La réception de Striptease fut catastrophique. Aux États-Unis, le film est massacré par la critique : jugé vulgaire, maladroit, incohérent. Le New York Times le qualifie de « comédie ratée qui ne sait pas ce qu’elle veut être ». Variety parle d’un « gâchis embarrassant ». Le film récolte six Razzie Awards, dont pire film, pire actrice, pire scénario et pire second rôle masculin. Sur Rotten Tomatoes, son score stagne autour de 13 %, un chiffre qui en dit long sur son accueil.
Pourtant, il faut se demander si ces critiques ont véritablement regardé le film pour ce qu’il est, ou s’ils ont jugé un produit médiatique déformé par la promotion et le scandale. L’idée d’un film à gros budget centré sur une stripteaseuse, joué par une star en pleine ascension, a sans doute cristallisé beaucoup d’angoisses sociales et morales. Les jugements sont tombés avant même que le film n’ait été vu. Le malentendu est total.

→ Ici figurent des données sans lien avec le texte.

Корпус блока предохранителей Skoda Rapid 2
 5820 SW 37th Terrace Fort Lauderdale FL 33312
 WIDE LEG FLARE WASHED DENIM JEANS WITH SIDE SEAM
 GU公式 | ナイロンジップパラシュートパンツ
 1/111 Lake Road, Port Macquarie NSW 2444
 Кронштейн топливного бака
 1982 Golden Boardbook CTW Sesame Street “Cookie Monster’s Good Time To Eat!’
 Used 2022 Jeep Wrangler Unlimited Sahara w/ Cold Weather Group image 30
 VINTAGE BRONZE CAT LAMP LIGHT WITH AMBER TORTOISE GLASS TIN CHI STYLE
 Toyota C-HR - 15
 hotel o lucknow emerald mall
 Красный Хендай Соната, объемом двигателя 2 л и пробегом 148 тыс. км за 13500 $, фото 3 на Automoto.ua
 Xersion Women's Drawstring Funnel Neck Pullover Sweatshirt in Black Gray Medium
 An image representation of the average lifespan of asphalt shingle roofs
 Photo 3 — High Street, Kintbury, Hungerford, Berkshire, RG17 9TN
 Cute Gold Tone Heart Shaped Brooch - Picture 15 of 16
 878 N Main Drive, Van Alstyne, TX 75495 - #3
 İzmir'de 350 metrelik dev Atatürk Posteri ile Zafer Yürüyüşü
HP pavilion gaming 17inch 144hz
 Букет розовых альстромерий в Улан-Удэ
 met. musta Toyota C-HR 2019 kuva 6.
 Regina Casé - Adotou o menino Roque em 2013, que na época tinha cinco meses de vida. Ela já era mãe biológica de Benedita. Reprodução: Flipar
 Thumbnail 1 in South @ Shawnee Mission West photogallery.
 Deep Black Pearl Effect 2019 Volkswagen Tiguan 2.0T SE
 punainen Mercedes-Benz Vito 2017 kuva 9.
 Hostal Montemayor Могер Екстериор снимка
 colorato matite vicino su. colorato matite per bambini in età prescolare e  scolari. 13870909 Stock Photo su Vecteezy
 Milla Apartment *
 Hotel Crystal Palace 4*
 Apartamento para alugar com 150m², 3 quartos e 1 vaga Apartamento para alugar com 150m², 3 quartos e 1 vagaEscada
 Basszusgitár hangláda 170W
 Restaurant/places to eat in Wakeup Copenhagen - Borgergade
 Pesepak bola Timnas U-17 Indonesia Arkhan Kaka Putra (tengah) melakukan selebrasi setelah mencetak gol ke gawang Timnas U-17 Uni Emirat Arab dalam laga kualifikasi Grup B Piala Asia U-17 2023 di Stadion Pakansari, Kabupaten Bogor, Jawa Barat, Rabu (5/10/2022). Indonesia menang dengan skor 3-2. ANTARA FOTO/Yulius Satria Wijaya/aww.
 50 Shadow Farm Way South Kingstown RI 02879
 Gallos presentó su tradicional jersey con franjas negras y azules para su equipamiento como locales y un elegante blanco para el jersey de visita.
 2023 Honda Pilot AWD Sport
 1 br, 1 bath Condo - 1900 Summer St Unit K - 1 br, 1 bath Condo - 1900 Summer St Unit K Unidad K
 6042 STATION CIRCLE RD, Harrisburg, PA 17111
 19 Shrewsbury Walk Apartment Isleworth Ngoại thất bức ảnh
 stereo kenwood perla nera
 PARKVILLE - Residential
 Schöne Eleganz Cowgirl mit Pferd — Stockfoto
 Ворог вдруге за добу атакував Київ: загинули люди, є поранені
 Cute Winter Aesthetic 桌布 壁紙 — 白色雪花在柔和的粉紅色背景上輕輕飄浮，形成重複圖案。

Commercialement, le film rapporte environ 33 millions de dollars aux États-Unis, soit bien en-deçà de son budget. À l’international, les chiffres sont un peu meilleurs, mais l’échec est indiscutable. Pourtant, au fil du temps, Striptease a connu une seconde vie, notamment en DVD et à la télévision. Il est devenu un objet de curiosité, un « guilty pleasure » pour certains, un film culte pour d’autres. La réévaluation féministe d’œuvres incomprises a aussi contribué à le sortir de l’oubli.
Un film à réhabiliter ?
Aujourd’hui, dans un contexte où le cinéma explore davantage les notions de genre, de regard masculin, de contrôle du corps féminin, Striptease mérite d’être revu sous un autre angle. Il n’est pas exempt de défauts : rythme inégal, tonalité flottante, personnages secondaires parfois bâclés. Mais il possède aussi une singularité rare, un mélange osé de satire et d’émotion, une volonté de dire quelque chose à travers le kitsch.
La satire politique y est mordante, même si elle frôle parfois le grotesque. Le message social sur la précarité des mères célibataires reste d’actualité. Et la mise en scène du striptease, loin d’être gratuite, sert de métaphore à la marchandisation de l’humain dans une Amérique gouvernée par le pouvoir et l’apparence.
En cela, Striptease est un film étrange, inclassable, et donc profondément cinématographique. Un film qui tente, qui échoue parfois, mais qui ose. C’est peut-être ce qui manque le plus à certains blockbusters actuels : la prise de risque.
Derrière les paillettes, une critique sociale masquée
Striptease n’est pas un chef-d’œuvre. Ce n’est pas non plus un simple film érotique de bas étage. C’est une œuvre bancale, entre deux genres, entre deux époques, portée par une actrice injustement moquée et un réalisateur trop subtil pour son propre marketing. À la croisée du grotesque et du tragique, il interroge les rapports de pouvoir, les limites du corps exposé, et le cynisme d’une société où tout – même la nudité – peut devenir outil de survie.
Vingt-cinq ans après sa sortie, il est temps de relire ce film autrement. Car si la satire doit parfois s’habiller de paillettes pour mieux dénoncer le réel, alors Striptease a peut-être touché juste. Simplement, on ne l’a pas entendu.